• Sat, 26, May, 2018 - 5:00:AM

In Conversation: Attia Taylor on why she started 'Womanly' and the connect between women’s health and art

If you haven’t yet heard of Womanly, chances are you will soon. The newly launched magazine provides a platform (both online and in print) for women and non-binary people of all backgrounds to access meaningful health information through the lens of visual and literary art.

By combining multi-media art, literary content and research, Womanly is making waves connecting readers with relevant and empowering insights not only into women’s health, but the cultural, political, and social norms and environments affecting the health outcomes of women the world over.

With two issues already circulating and a third in the works, I caught up with editor-in-chief and founder Attia Taylor to talk about how it’s all going:

J: Where did the inspiration to start Womanly come from?

A: Womanly has truly grown out of feelings of personally being misrepresented and underrepresented in print and digital media. Black and brown people have been grossly overlooked and underserved in the healthcare system in the US to date. Our magazine is a hopeful solution to fill a hole that goes very far back and runs incredibly deep. We're simply looking to start a movement towards helping women and non-binary people understand their personal health and how to live long and healthy lives aside from the prejudices or economic barriers that they face through representation and opportunity.

Why do you think it's important to offer women's health information through a different medium—in Womanly’s case, through art?

I previously worked at Planned Parenthood, where I had the opportunity to work on an app that combined a creative approach to tracking birth control and menstrual health. I saw the way people respond to seeing their personal issues being imitated in art on a very personal level. The art world as it stands can be very exclusive and daunting to so many, whereas Womanly is creating an inclusive environment through pairing sometimes very sterile and jarring health information with the beauty of talented artists from across the world.

How did your own health education growing up influence what you're doing with the magazine?

The first issue that we released was on sex education. We chose that topic because in every circle I'm in we often have discussions about never having received proper sex education as young people; whether from our parents or our education systems. I have also done research on the reasons why parents aren't having "the talk" with their children and have found that it is mostly fear based. Parents think talking to their kids about sex means that they might start having sex or they have never had that conversation with their own parents, so they have no idea where to start. I truly believe the first step is just approaching parents and helping them to have these conversations. For instance, my mother never got a talk, so she never talked to me. There was a moment as an adult where I pulled up a webpage and had to explain something to my mother that she should have actually explained to me when I was a child. She responded positively with a, "I just didn't know". It was a true light bulb moment for me. I took that and ran with it.

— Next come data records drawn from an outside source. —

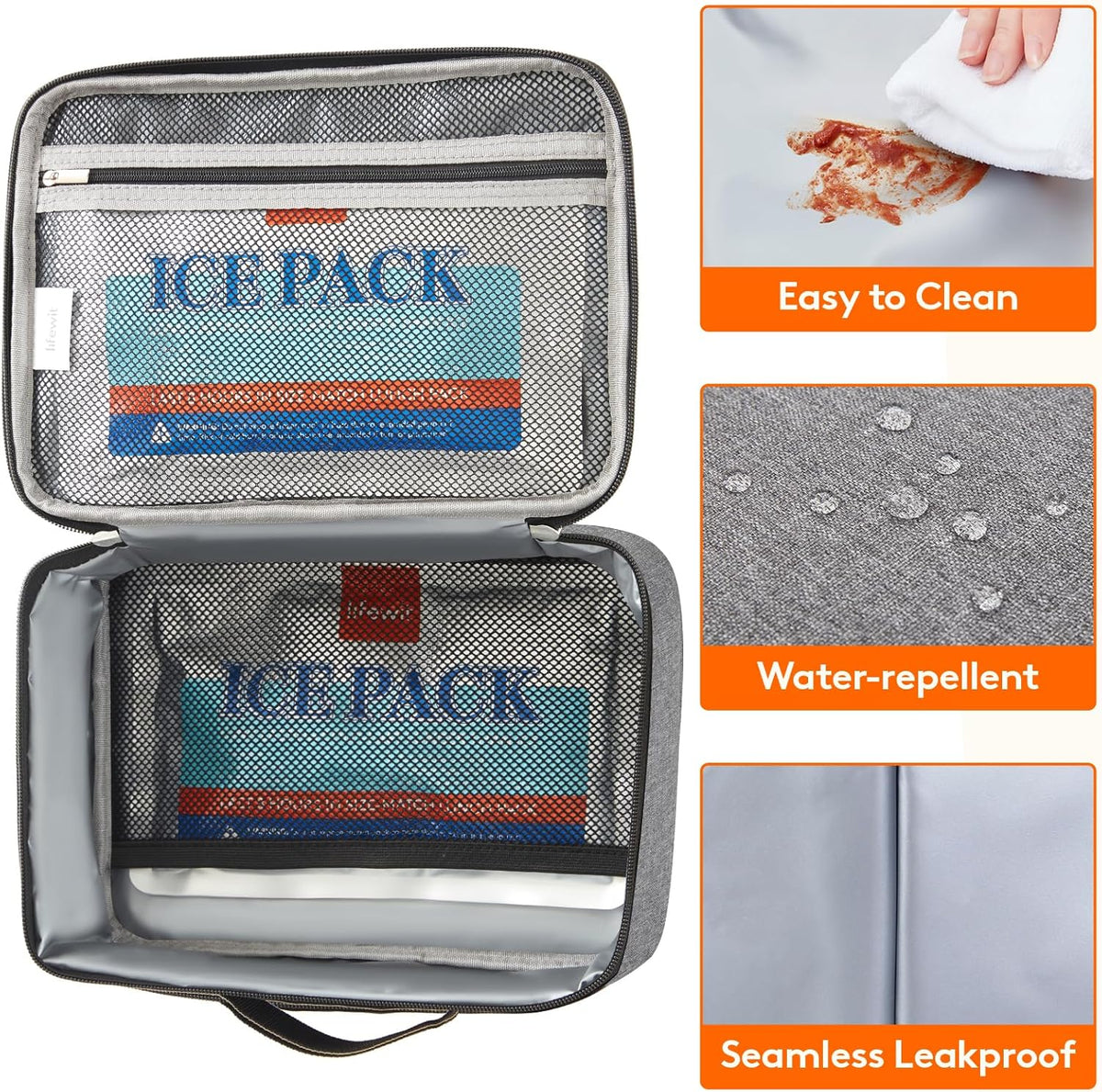 Lifewit Freezable Lunch Box, Insulated Reusable Lunch Bag with 2 Ice Packs, Mini Cooler Snack Bag for Bento Box for Salad, Sandwich, Snacks fo Men Women for Work, Gray 5L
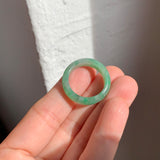 SOLD OUT: 18.7mm A-Grade Natural Moss On Snow Jadeite Ring Band No. 162188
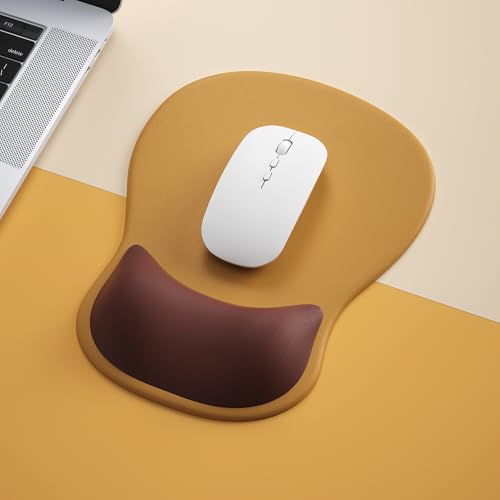 Ergonomic Mouse Pad with Wrist Rest,Cute Gel Mousepad Wrist Support - Small Mini Portable for Travel Mouse Pads for Desk Laptop,Computer,Office & Home Decor-(Tan &Brown) - color: S-Tan&Brown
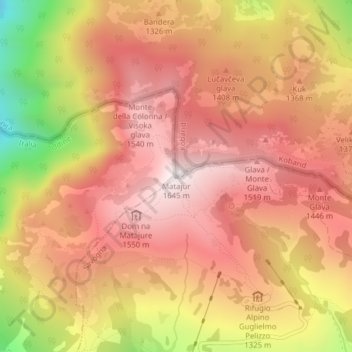 Mapa topográfico Matajur, altitude, relevo
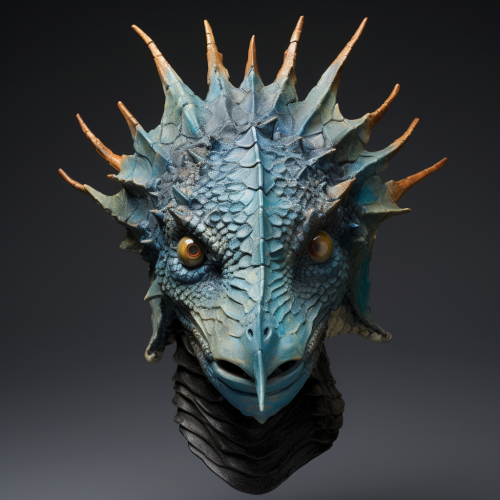 Half mask of azure scales and horn Half mask of azure scales and horn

This may be a hard one, but what's your favorite piece published in the magazine so far and why?

This is a great question because I think it may begin to change, but as it stands my favorite piece published is Birth Announcement For Those Who Will And Will Never Be from our first issue on sex education. The piece was hand stitched and dyed by my close friend, Emily Carris. This piece brought with it a heavy history of reproductive issues that we often leave out of our conversations. Abortion is still so very stigmatised, which overshadows our ability to understand its many nuances and the stories that come with it. Emily challenges us to think of slavery and sex through the lens of black women and their choices or lack thereof in history, and that is so beautiful, important and necessary.

How are people responding to Womanly and what kind of feedback have you received so far?

We have received an outpouring of support for this work and it comes as no surprise to me. It's almost as if this project was waiting behind a locked door and somehow the key landed in my hands. I'm grateful and honored to be able to open this door for so many. Our team is completely volunteer run by women from all walks of life and their passion for this work shows in how we present ourselves to the public. We are running on the positivity and support of the community we have organically built so far and that community is nothing but love.

What are some of the biggest challenges you've faced starting a magazine?

Money! Starting a magazine from scratch is very expensive. We aren't women who come from a tonne of money. Many of us have student loan debt, credit card debt, have to help out our families, and have sacrificed much of our time and money to make this work. We want to make this magazine accessible for women of colour and non-binary people, so creating a path to income has been a secondary goal for us. We're finally at a place where we're growing in a way that money has become more of a priority, but we are always going to put the people first no matter what.

What can we expect from the next issue?

We’ve just put out the call for submissions for issue three. The theme is around geriatric health, which includes many issues that need to be discussed such as elderly abuse, vision, polypharmacy, and the many ways that LGBTQ+ issues intersect with aging. We're also encouraging artwork that captures the words and wisdom passed down from older generations through cultures and borders. We're very excited to see what comes in.

Where do you see Womanly five years from now? What about ten years?

I see Womanly as a creative community of women who continue to honour the existence of women as it changes and pivots based on political, economic, and geographical landscapes. I'm personally interested in creating a dent in the numbers related to healthcare disparities around the world by partnering with resources that have the mobility and support to serve. We're on a really important journey toward uplifting voices and creating opportunities and I’m excited for all that is to come.